**Try it**
Starting at the first line of the records and stopping at the line that contains "So we've solved", transcribe every line exactly and leave out the pictures.

**Data in this exercise**
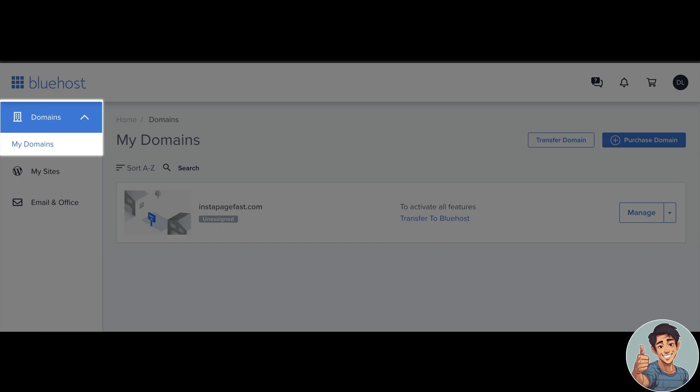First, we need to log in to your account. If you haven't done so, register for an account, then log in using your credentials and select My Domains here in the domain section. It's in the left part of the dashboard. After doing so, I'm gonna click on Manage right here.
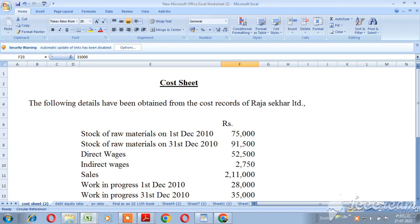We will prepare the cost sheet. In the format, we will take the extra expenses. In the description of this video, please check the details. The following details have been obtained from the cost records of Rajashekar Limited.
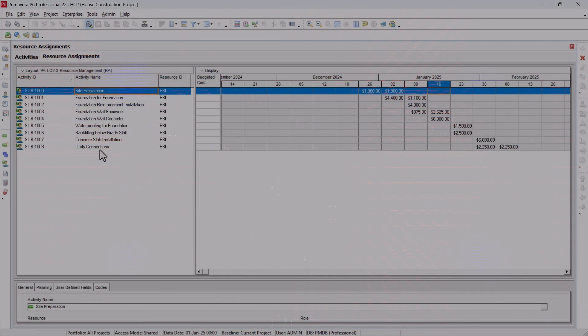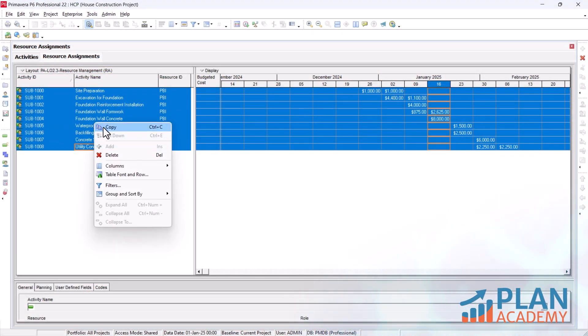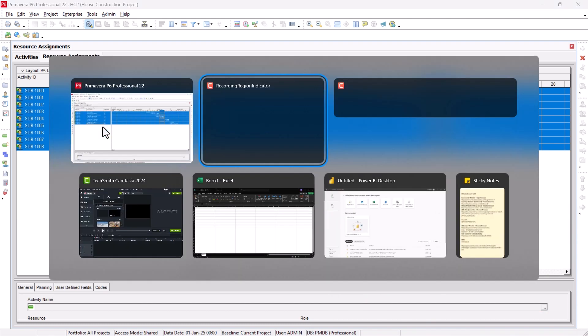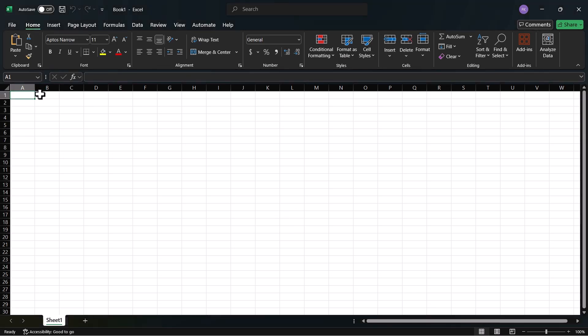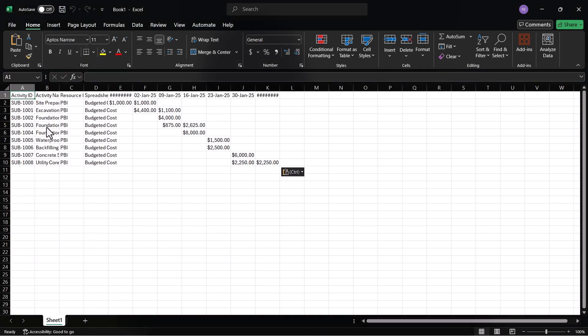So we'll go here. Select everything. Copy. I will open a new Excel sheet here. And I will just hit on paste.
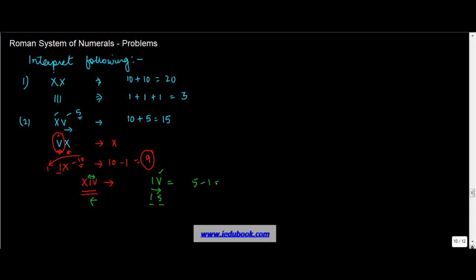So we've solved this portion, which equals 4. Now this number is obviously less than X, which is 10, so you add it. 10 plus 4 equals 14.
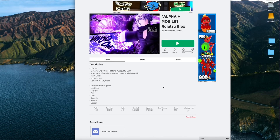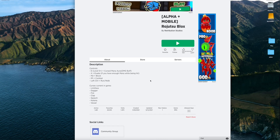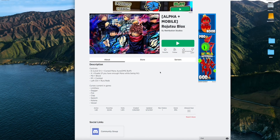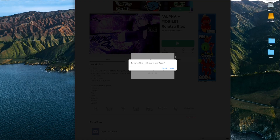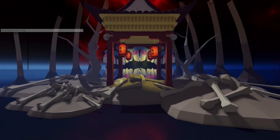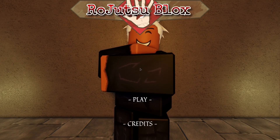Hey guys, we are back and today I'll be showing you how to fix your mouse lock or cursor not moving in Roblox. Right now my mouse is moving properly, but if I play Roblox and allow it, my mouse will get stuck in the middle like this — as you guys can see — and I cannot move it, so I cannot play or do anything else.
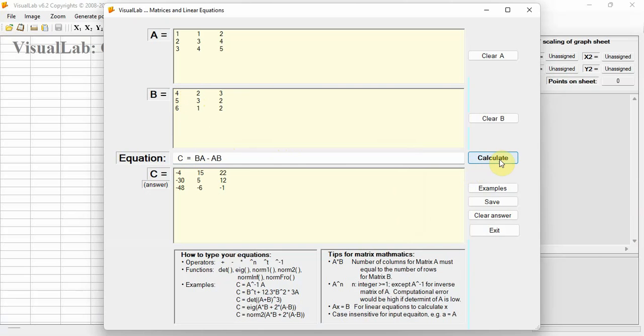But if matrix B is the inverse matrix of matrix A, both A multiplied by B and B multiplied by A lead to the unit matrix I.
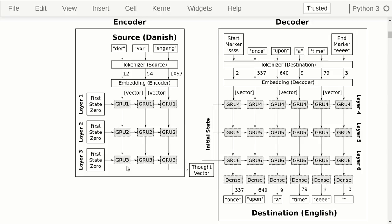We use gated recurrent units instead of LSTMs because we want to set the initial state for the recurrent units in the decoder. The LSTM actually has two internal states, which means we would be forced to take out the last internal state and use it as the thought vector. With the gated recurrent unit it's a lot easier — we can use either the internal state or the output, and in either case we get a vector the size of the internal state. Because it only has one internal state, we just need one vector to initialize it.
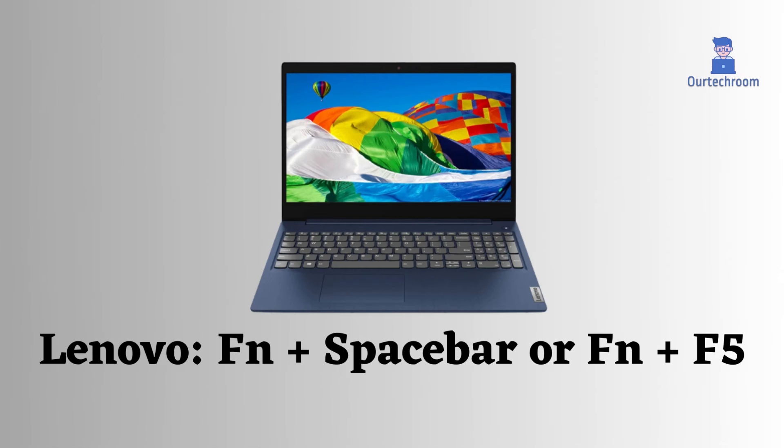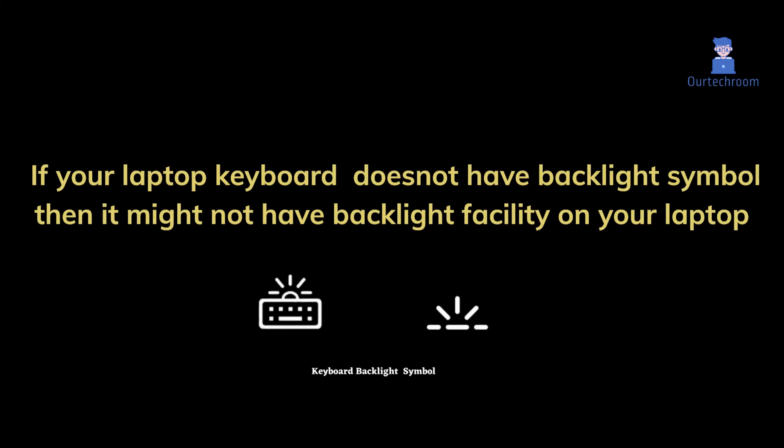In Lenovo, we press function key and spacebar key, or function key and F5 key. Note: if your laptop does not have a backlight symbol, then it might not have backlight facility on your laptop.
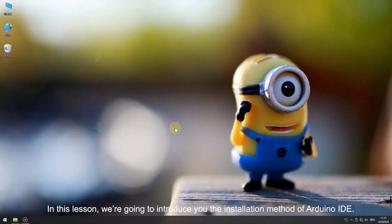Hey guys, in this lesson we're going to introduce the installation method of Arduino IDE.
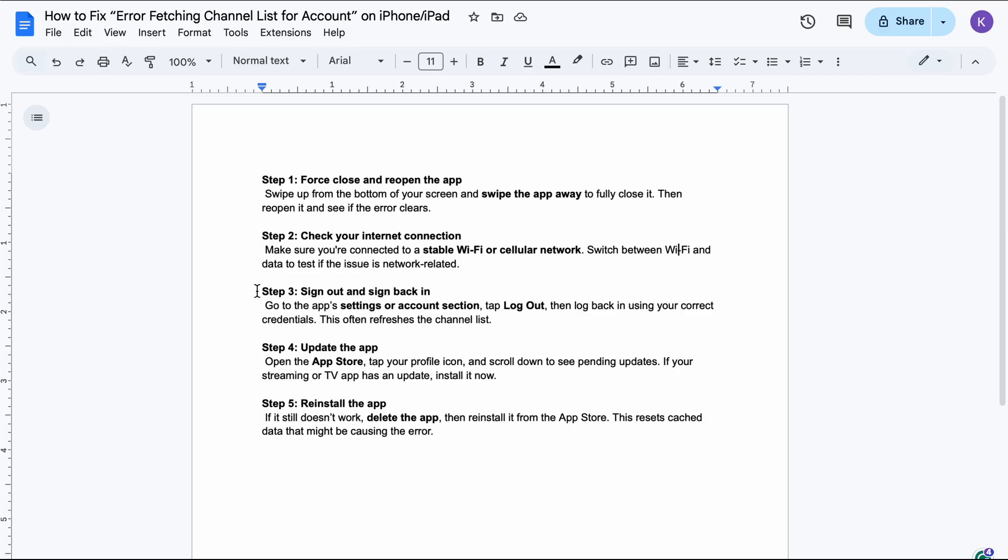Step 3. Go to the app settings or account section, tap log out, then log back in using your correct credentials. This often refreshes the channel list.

**Problem solution**
First, we need to log in to your account. If you haven't done so, register for an account, then log in using your credentials and select My Domains here in the domain section. It's in the left part of the dashboard. After doing so, I'm gonna click on Manage right here.
We will prepare the cost sheet. In the format, we will take the extra expenses. In the description of this video, please check the details. The following details have been obtained from the cost records of Rajashekar Limited.
So we'll go here. Select everything. Copy. I will open a new Excel sheet here. And I will just hit on paste.
So we've solved this portion, which equals 4. Now this number is obviously less than X, which is 10, so you add it. 10 plus 4 equals 14.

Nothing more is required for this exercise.